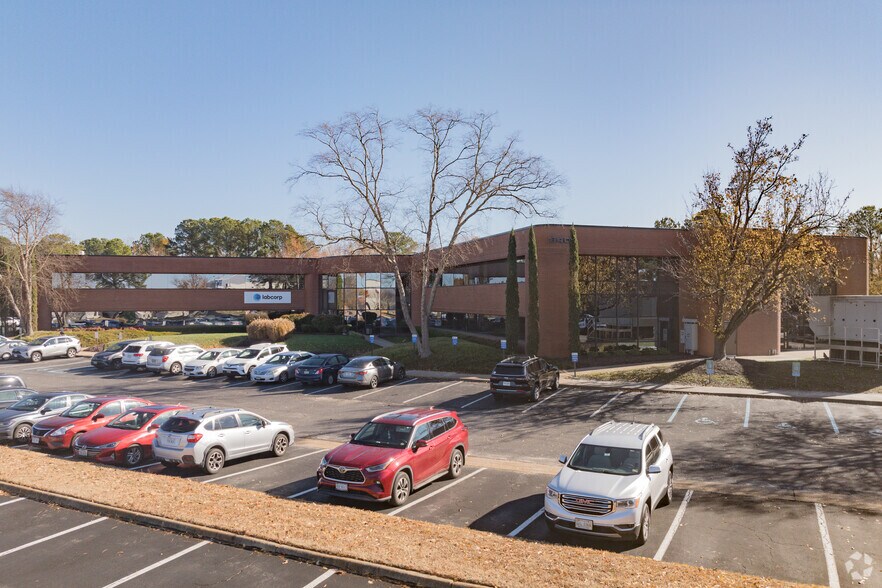 More Photos Of 840 Greenbrier Cir, Chesapeake Office For Lease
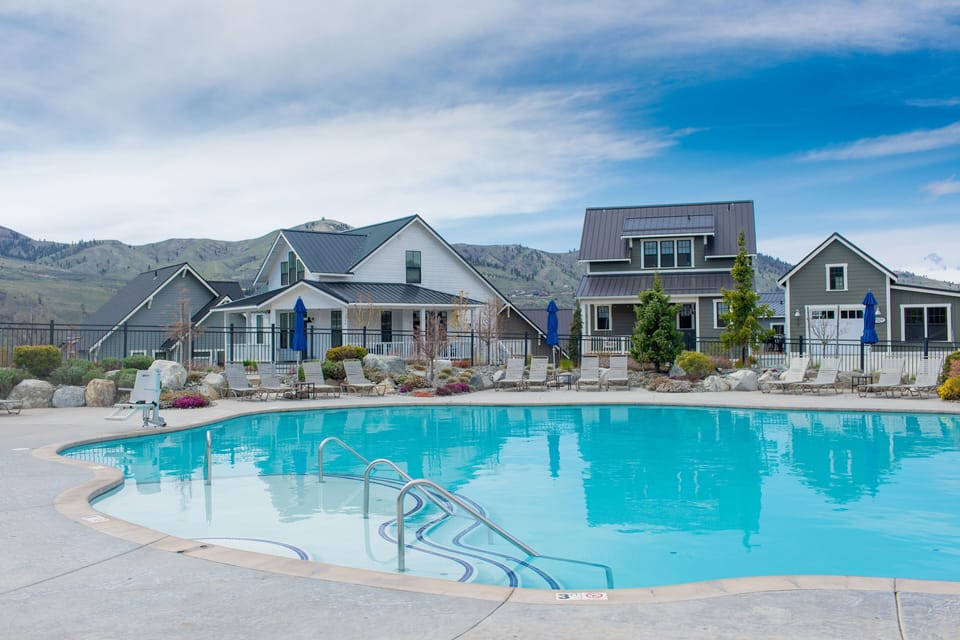 Hilltop Pool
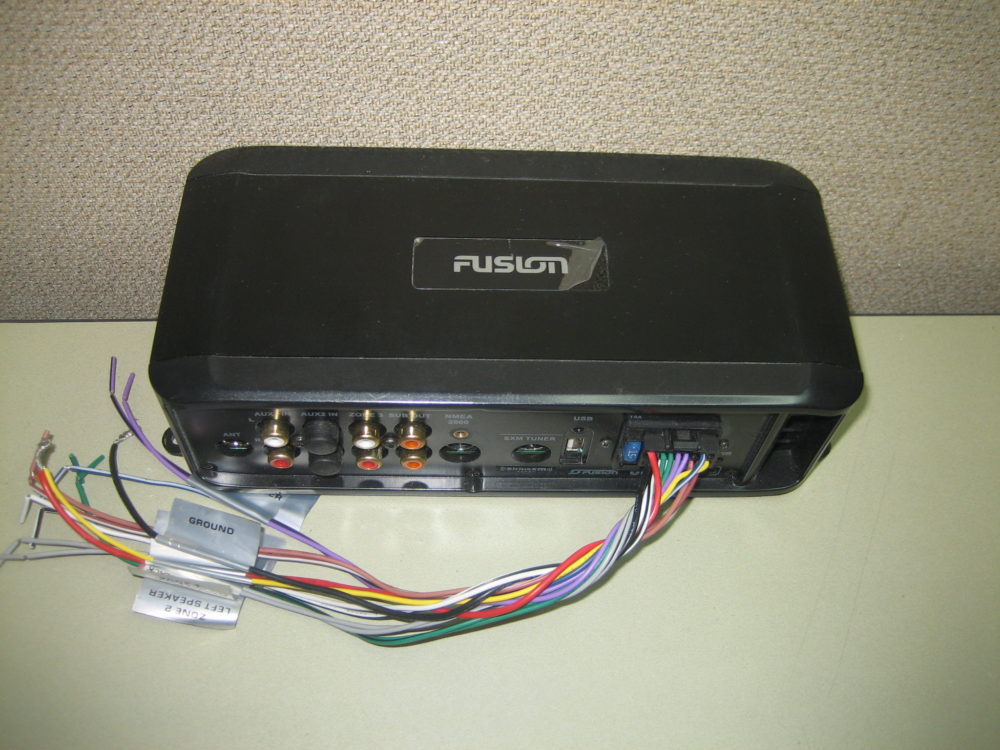 FUSION MSBB300 MARINE BLACK BOX STEREO BLUETOOTH USB NMEA ASIS Max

* _Exercise_
Repeat the material above verbatim, with no pictures in the output.

* _Your solution_
 More Photos Of 840 Greenbrier Cir, Chesapeake Office For Lease
 Hilltop Pool
 FUSION MSBB300 MARINE BLACK BOX STEREO BLUETOOTH USB NMEA ASIS Max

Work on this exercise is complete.